*TRY IT:*
As the answer, set down the lines below from the one containing "Conceptual blockchain visualization" through the one containing "Vintage Hand Made", exactly and inclusively, and no others.

*MATERIAL PROVIDED:*

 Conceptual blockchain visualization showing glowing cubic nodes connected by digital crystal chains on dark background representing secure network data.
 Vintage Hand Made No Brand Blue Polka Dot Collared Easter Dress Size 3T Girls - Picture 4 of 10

==

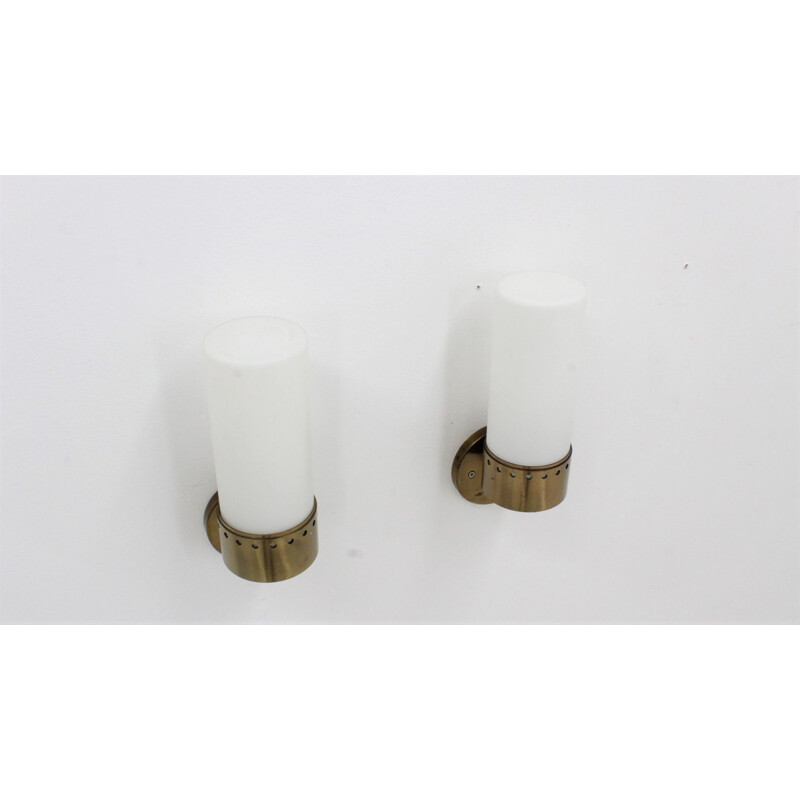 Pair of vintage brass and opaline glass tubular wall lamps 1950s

*ANSWER TO THIS TASK:*
 Conceptual blockchain visualization showing glowing cubic nodes connected by digital crystal chains on dark background representing secure network data.
 Vintage Hand Made No Brand Blue Polka Dot Collared Easter Dress Size 3T Girls - Picture 4 of 10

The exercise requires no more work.